Bersama dengan AS dan Tiongkok, pasar efek di seluruh dunia menderita kerugian yang berarti. Indeks-indeks efek di Asia dan Eropa juga terjun bebas. Persentase 7 Renmimbi per 1 USD dianggap sebagai “garis merah” terhadap semua pasar di dunia, ketika dipatahkan, akan mengaktifkan reaksi-reaksi negatif dari kalangan investor. Ketika Beijing terus mendevaluasikan mata uang Renminbi, negara-negara di Asia Timur dan Asia Tenggara yang bersaing dengan bidang yang sama dengan Tiongkok akan menderita tekanan yaitu harus mendevaluasikan mata uangnya. Hal ini bisa mendatangkan inflasi yang lebih tinggi, mengurangi konsumsi keluarga dan membuat moneter mengalami sirkulasi secara tidak normal melalui perbatasan. Pengenaan-pengenaan tarif baru maupun langkah-langkah proteksi yang lain bisa terjadi.
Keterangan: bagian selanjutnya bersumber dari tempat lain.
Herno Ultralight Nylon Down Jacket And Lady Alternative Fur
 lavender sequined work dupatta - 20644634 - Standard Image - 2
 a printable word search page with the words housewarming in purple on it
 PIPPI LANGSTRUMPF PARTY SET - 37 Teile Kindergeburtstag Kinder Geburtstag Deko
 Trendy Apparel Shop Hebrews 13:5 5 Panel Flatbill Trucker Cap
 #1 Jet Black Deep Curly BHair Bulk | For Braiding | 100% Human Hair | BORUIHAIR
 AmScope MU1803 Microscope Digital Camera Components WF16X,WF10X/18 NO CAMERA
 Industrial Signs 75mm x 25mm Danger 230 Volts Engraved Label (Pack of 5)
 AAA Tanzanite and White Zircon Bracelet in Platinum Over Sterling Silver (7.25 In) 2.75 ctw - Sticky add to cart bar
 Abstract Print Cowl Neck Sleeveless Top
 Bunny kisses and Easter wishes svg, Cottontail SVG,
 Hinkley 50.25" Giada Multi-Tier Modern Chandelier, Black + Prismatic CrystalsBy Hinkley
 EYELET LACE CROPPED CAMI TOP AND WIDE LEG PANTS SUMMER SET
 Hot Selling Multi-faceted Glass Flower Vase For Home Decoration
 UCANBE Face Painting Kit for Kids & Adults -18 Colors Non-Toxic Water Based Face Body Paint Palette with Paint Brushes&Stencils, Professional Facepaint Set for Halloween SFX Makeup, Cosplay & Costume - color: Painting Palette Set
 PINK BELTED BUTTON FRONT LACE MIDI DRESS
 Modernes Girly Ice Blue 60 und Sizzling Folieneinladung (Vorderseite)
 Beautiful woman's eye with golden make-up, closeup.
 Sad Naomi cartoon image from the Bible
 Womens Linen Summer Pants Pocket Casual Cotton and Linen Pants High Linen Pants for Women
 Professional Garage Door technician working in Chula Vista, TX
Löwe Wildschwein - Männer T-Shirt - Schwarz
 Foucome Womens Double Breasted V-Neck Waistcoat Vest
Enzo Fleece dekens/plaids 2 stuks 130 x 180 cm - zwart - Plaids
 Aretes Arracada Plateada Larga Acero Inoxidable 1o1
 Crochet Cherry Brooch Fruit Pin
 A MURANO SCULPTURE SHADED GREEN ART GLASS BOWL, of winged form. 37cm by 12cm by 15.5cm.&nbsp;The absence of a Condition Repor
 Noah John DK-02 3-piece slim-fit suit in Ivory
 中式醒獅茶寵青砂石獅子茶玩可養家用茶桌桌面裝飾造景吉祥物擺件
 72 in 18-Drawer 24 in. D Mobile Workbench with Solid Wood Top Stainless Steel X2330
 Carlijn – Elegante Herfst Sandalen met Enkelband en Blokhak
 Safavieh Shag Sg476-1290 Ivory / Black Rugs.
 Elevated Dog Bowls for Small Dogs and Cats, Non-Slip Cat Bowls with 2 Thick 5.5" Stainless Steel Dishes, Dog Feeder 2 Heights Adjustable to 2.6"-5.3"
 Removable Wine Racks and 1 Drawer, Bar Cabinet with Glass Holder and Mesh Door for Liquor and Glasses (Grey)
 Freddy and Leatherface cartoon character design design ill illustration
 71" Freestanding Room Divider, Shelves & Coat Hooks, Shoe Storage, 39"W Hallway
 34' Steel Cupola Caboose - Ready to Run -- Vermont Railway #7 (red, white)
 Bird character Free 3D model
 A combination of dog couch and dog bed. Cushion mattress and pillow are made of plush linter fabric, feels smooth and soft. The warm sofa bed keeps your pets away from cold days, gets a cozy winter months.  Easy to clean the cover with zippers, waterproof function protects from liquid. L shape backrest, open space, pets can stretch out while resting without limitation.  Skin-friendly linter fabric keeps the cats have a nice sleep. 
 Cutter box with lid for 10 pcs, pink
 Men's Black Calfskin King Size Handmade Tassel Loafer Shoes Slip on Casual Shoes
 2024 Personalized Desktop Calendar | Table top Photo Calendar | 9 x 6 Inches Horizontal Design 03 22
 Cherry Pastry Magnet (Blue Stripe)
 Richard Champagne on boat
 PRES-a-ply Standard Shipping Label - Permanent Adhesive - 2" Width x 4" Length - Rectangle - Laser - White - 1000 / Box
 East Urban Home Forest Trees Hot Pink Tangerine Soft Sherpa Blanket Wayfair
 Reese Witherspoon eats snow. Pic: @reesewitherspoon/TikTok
Sementara itu, laporan penilaian tentang dampak perang dagang AS-Tiongkok yang dikeluarkan oleh Organisasi Grant Thornton pada Senin sore (5 Agustus) menyatakan bahwa tanpa memperdulikan bagaimana akibat perang dagang ini, maka pola perdagangan kawasan bisa mengalami perubahan untuk selama-lamanya. Badan-badan usaha perlu mempertimbangkan metode menjamin pertumbuhan dalam keadaan harus menghadapi terputusnya perdagangan secara berjangka-panjang. Hal ini menuntut supaya menghadapi tantangan-tantangan dari terputusnya rantai suplai, reformasi teknologi dan lain-lain.
Dengan situasi sekarang ini, ketegangan dagang AS-Tiongkok akan mengalami perkembangan-perkembangan yang sulit diduga. Pada latar belakang itu, perang dagang ini akan terus menimbulkan pengaruh buruk terhadap kawasan, menyeret instabilitas-instabilitas ekonomi global serta merosotkan kepercayaan di seluruh kawasan Asia-Pasifik.